** Source material follows **

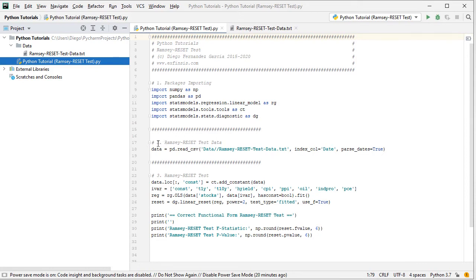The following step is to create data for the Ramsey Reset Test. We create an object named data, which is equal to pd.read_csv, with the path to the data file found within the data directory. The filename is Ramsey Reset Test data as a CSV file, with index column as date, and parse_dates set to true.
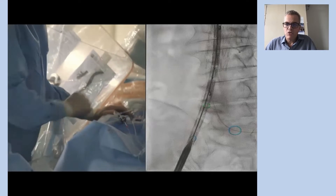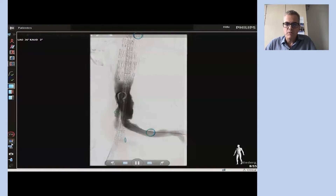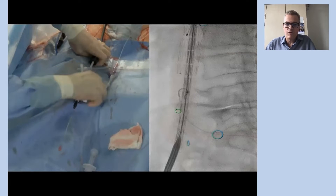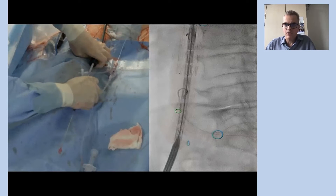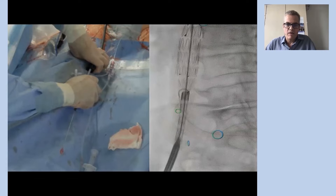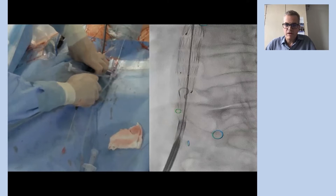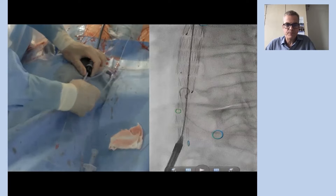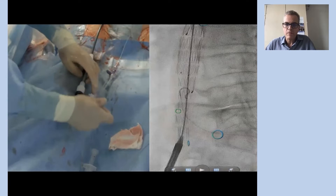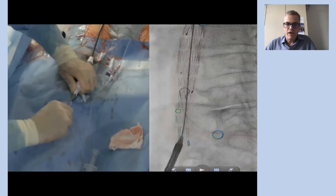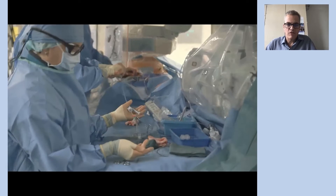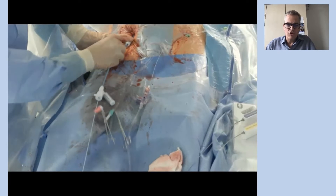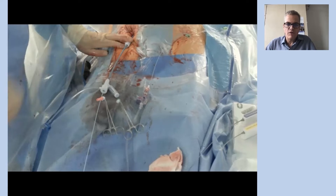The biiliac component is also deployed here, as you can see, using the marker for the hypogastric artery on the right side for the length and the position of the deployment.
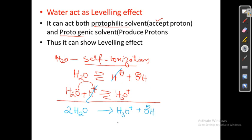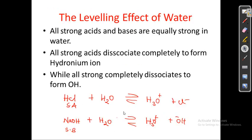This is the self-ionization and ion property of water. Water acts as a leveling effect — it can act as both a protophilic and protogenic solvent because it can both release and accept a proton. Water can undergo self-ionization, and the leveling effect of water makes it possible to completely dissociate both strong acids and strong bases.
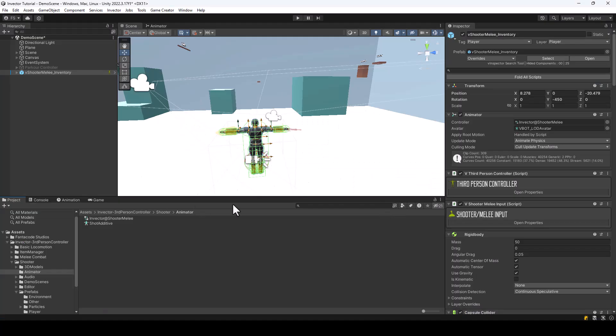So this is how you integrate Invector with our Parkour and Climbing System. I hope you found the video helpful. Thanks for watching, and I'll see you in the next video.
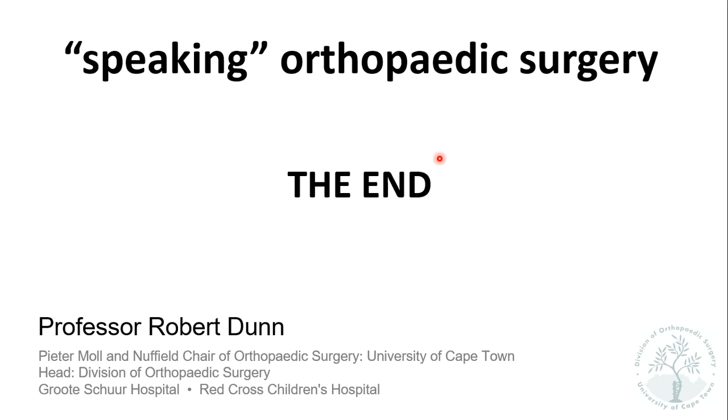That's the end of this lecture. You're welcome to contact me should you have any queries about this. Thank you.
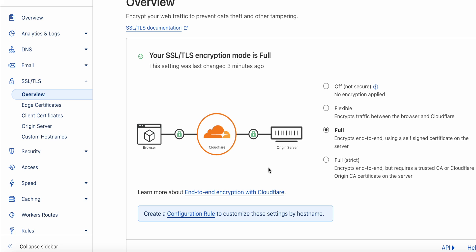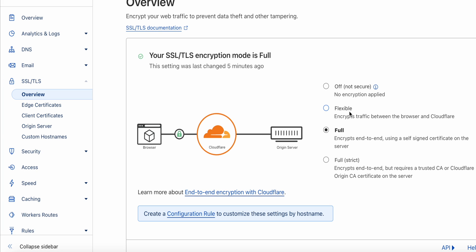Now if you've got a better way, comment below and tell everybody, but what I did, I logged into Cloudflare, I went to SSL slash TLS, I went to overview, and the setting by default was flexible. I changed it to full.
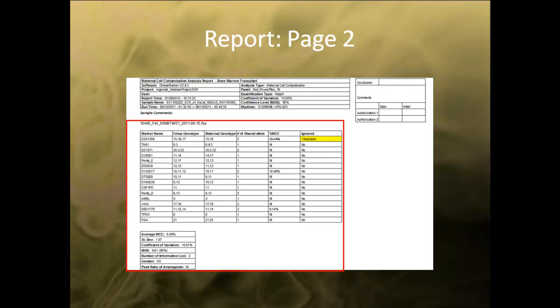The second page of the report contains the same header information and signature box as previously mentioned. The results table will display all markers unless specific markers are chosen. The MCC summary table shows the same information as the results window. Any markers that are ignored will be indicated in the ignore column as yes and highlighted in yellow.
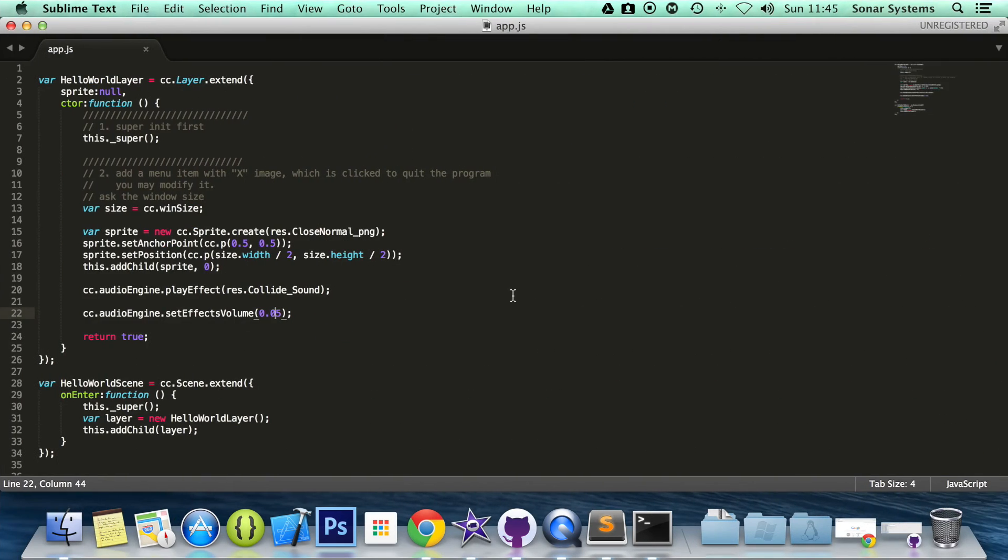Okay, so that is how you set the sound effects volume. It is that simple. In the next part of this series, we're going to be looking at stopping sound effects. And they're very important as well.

** End of Source material **

Action item:
Repeat, without pictures, exactly the lines of the data above from the one containing "That's the end" through the one containing "Now if you've", including both and adding nothing.

Solved problem:
That's the end of this lecture. You're welcome to contact me should you have any queries about this. Thank you.
Now if you've got a better way, comment below and tell everybody, but what I did, I logged into Cloudflare, I went to SSL slash TLS, I went to overview, and the setting by default was flexible. I changed it to full.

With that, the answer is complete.